Completing the Illinois HFS 2243 form requires careful attention to detail. Each section must be filled out accurately to ensure the application is processed without delays. Follow the steps below to successfully complete the form.

  1. Obtain the Form: Download or print the Illinois HFS 2243 form from the official website.
  2. Type or Print Legibly: Ensure all information is typed or printed clearly. Do not use highlighters.
  3. Section A: Provider Information:
    • Indicate whether this is a new enrollment, re-enrollment, name change, or reinstatement request.
    • Enter the provider's name and type.
    • Fill in the primary office address, including city, county, state, and zip code.
    • Provide the telephone number, fax number, and email address.
    • Enter the National Provider Identification number (NPI), Social Security Number (SSN), and any relevant licenses or certifications.
    • Complete information regarding Medicare, including any additional NPI numbers in Section D.
    • Fill in the Federal Employer Identification Number (FEIN), Drug Enforcement Administration (DEA) number, control facility information, fiscal year, and Clinical Laboratory Improvement Amendments (CLIA) number.
  4. Section B: Service/Specialty:
    • Specify the category of service and primary specialty.
    • Provide the UPIN number for physicians and list any secondary specialties.
    • Complete OBRA qualifications and hospital admitting privileges if applicable.
    • For pharmacists, include the pharmacy license number and location in charge.
    • Indicate if electronic billing is used and provide the software vendor name and NCPDP number.

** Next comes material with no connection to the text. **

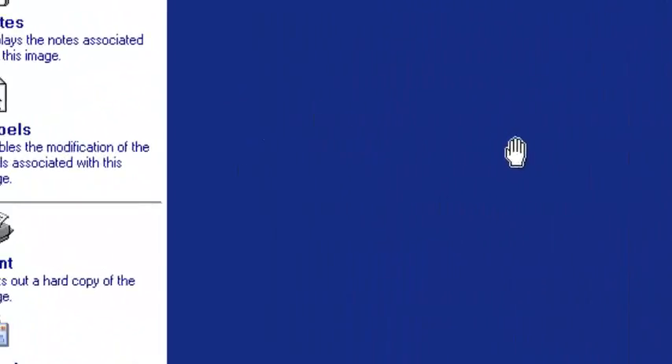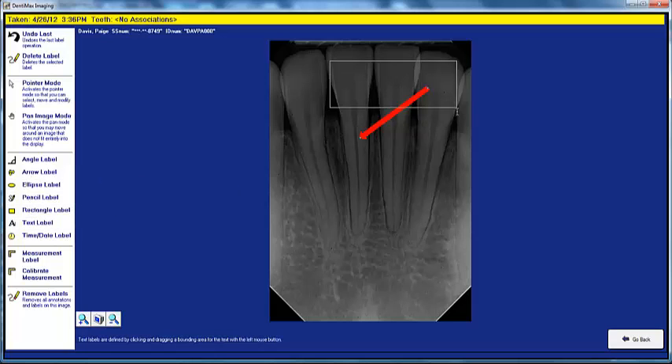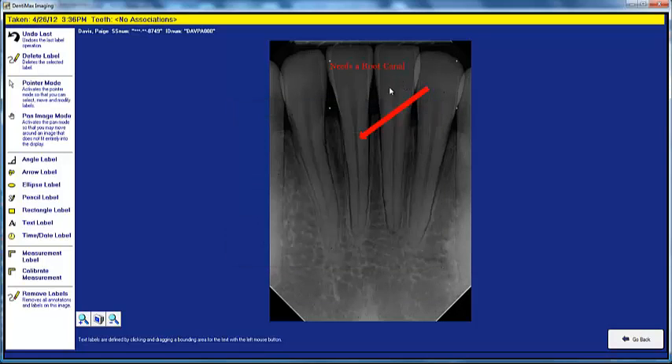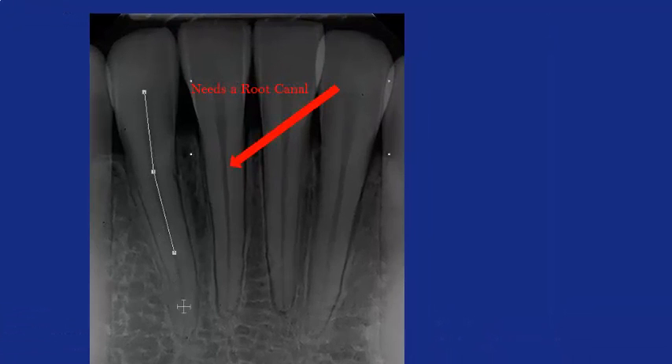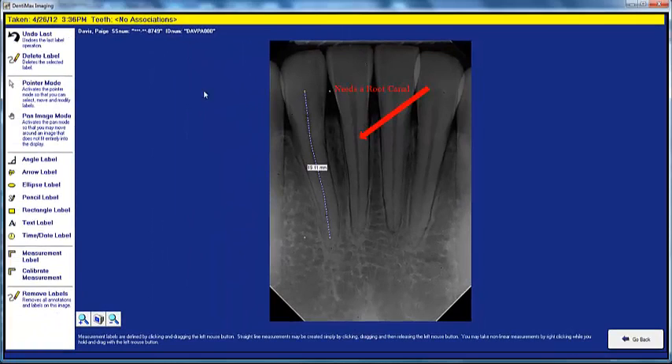Digital imaging is also a great way to educate your patients. Click on the Label button on the left-hand side. You can draw arrows on your image to point something out, and put a text label next to it — for example, 'it needs a root canal.' You can also measure the length of a root using the Measurement Label button, clicking along the root canal to show the curves. In this case, we have a 19.11 millimeter root canal. After patient education, click the Undo button to declutter the screen and remove the items you placed.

    • Complete transportation details if applicable, including taxi and medicare information.
    • Fill in long-term care information, including medical bed capacity and fiscal intermediary details.
  5. Section C: Former Participation:
    • Indicate if there has been a change of ownership and provide the former provider number and name.
  6. Section D: Additional NPI:
    • List any additional NPI numbers.
  7. Section E: Payee Information:
    • Fill in the name, DBA (Doing Business As), street address, city, state, and zip code for the payee.
    • Provide the telephone number, SSN/FEIN, Medicare Part B number, and billing provider NPI.
    • Complete any additional information requested for the billing provider.
  8. Section F: Certification/Signature:
    • Read the certification statement carefully.
    • Sign and date the form, and print the name of the person signing.

After completing the form, ensure all sections are filled out correctly. Double-check for any missing information before submitting it to the Illinois Department of Healthcare and Family Services. This will help prevent delays in processing your application.